Os africanos Chaná, de 25 anos e o Makolwa, de 39, são artistas plásticos do Núcleo de Artes de Matola, bairro que fica a 20 minutos do centro da cidade de Maputo, capital de Moçambique. Os dois chegaram ontem à noite! Depois de longa viagem, da África para o Brasil.
Chaná e Makolwa esperam do Encontro muita troca de experiência. Eles falam português. São parceiros da Rede de terras muito longe daqui. Makolwa
Vincenzo Tozzi, mocambola articulador da Rede, conheceu os dois em ida à Moçambique. Foi quando trouxe de lá as sementes de Baobá, árvore africana que pode ter até 25m de largura que agora estão na Casa de Cultura Tainã. A idéia é colocar um Baobá em cada ponto da Rede, simbolizando a permanêcia das nossas raízes africanas, a ancestralidade da nossa cultura.

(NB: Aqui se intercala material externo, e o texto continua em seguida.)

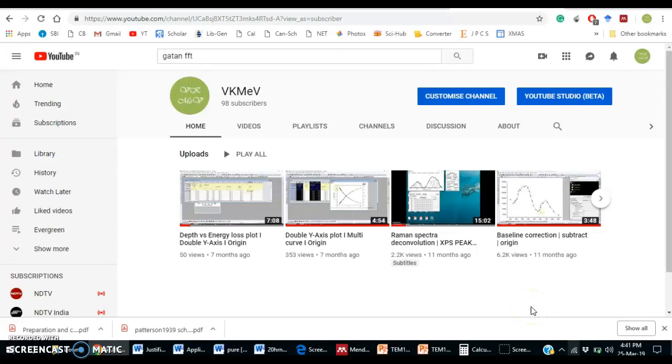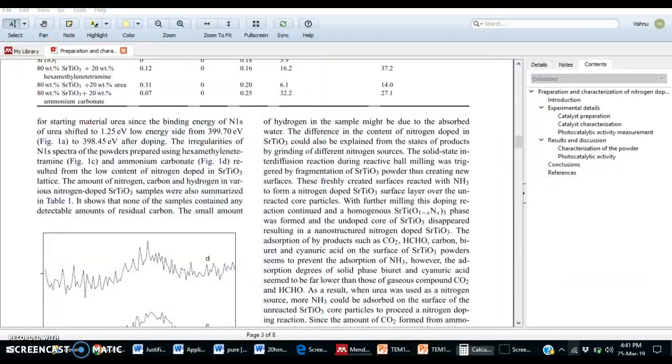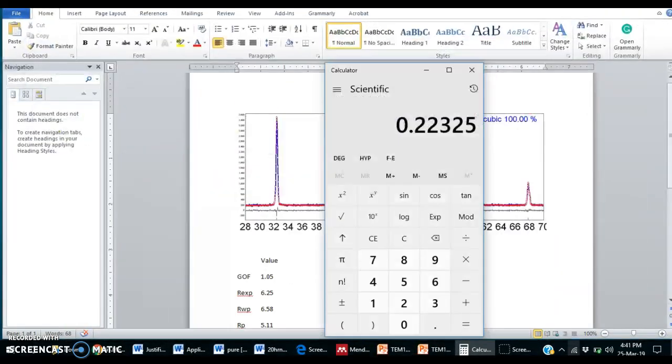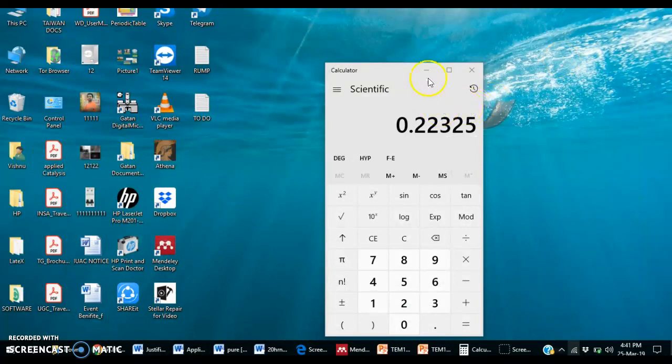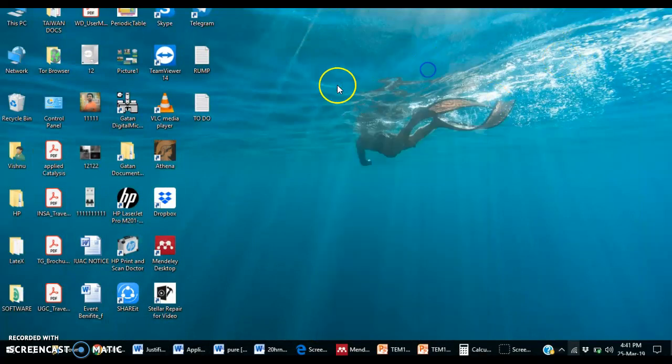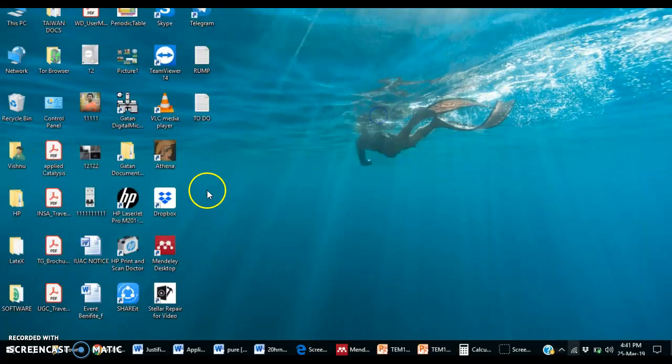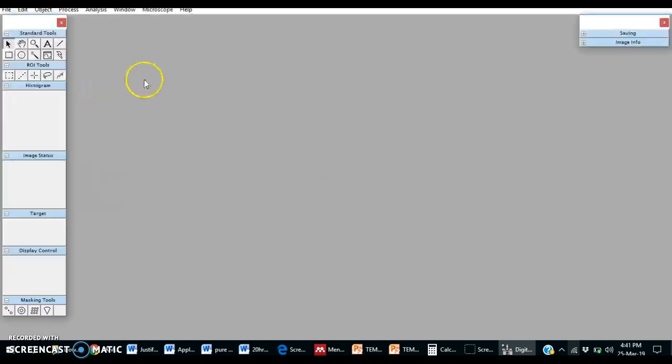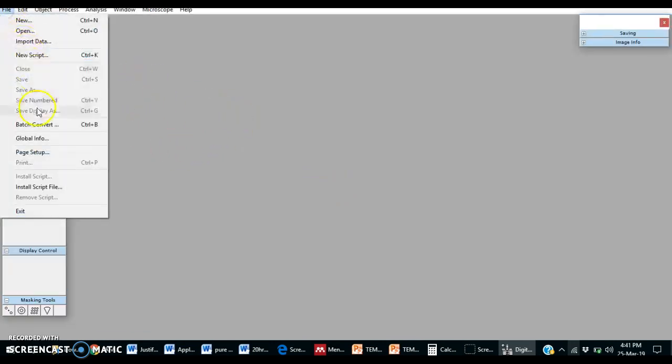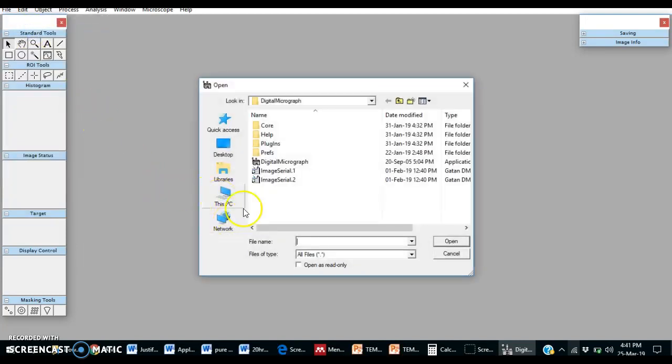Hello friends, welcome to my channel. Today I will explain how to use GATAN software. This is our GATAN software, GATAN Digital Micrograph. First of all, we will open an image.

A Rota dos Baobás começa com Chaná e Makolwa, para nós que estamos aqui e outros tantos que estão chegando, acompanhando e que ainda virão fazer parte da Rede Mocambos. Nunca é tarde para buscarmos as nossas raízes, para fazermos um mundo mais do nosso jeito
Makolwa me contou que o Núcleo existe desde 1962. E que a independência de Moçambique é de 1975. Quer saber mais? Pergunta para eles, vamos nos conhecer!